The lawsuit claims that ACE's telemarketing calls offering hazard insurance were in violation of the TCPA (Telephone Consumer Protection Act) because Mr. Boise had not provided “prior express written consent”. He also claimed to have been registered on the National Do Not Call Registry since 2006. Nationstar Mortgage and BB&T Bank, the two mortgage lenders that provided ACE with their phone lists of mortgage holders, were not named as defendants in this case.
The Settlement Class
The class benefiting from the settlement includes all individuals in the United States who are or were customers of Nationstar Mortgage or BB&T Bank, on or after October 16, 2013 who:
- Received more than one telephone call made by or on behalf of Defendant within a 12-month period; and
- To a telephone number that had been registered with the National Do Not Call Registry for at least 30 days.

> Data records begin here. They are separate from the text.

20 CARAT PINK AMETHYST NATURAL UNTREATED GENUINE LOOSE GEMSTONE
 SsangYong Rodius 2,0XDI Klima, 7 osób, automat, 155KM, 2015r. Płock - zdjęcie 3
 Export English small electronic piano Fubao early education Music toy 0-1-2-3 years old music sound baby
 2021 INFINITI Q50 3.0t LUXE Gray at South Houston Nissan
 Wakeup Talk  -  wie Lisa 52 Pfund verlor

The TCPA Class Action Settlement
The court approved payment of $2.9 million in attorney fees which is 30% of the $9.8 million settlement fund. The lead plaintiff, Mr. Boise, will be awarded $10,000. Class members are expected to receive at least $55 each.

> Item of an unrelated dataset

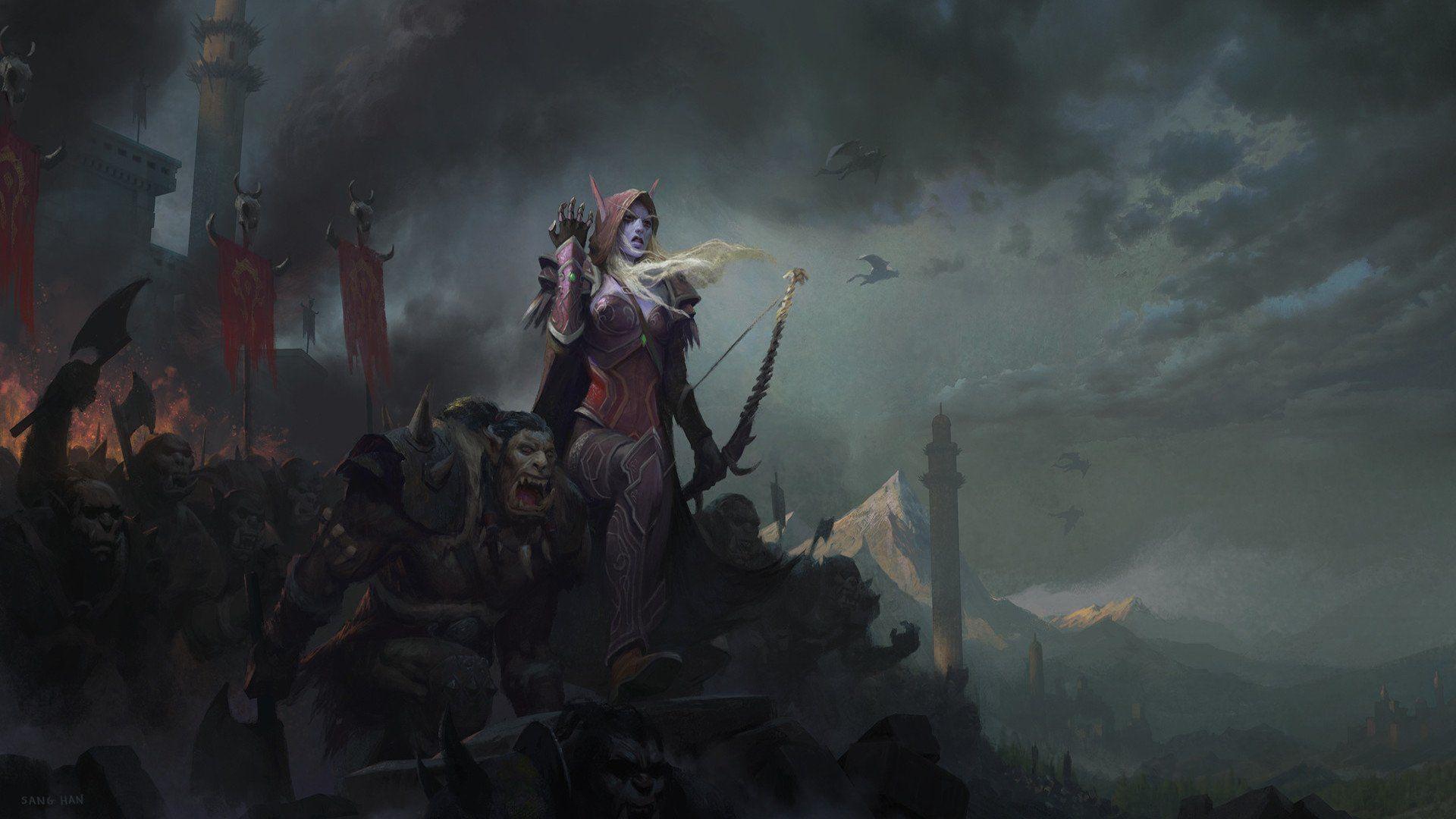 1920x1080 World of Warcraft: Battle for Azeroth HD Wallpaper. Background
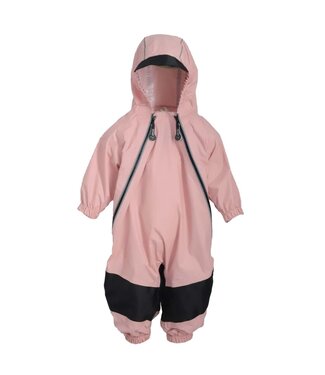 Calikids Calikids Lined Infant Rain Suit Blush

Odd Twist - Attorney Fees Challenged
One of the members of the class hired lawyers who formally objected to the request for $2.9 million in attorney fees. The plaintiff’s attorneys were accused of providing a cookie-cutter brief filed by a serial litigator, calling it “generic” and “sloppy”. The class members' lawyers argued that the court should limit the award to an amount between 20% and 25% of the total settlement, which they stated was the more common fee amount requested in TCPA class actions.
The plaintiff’s attorneys defended their position by arguing that a 30% fee is less than a typical contingency fee. They also suggested that if the case had not settled, it could have resulted in $491 million in damages that would have resulted in a $9.76 million fee.
All sides did agree that any unclaimed funds from the settlement should go toward rebuilding the areas damaged by Hurricanes Harvey and Irma.
ACE American believes they were in the right, but chose to settle based upon a financial risk assessment of fighting the battle before a judge and the possibility of losing a great deal more money. This may have been a prudent business decision, but what is the point of such TCPA lawsuits and the regulations that are supposedly being enforced? Do similar lawsuits and the resulting settlements make the lives of consumers better or do they simply enrich a few plaintiffs and their attorneys?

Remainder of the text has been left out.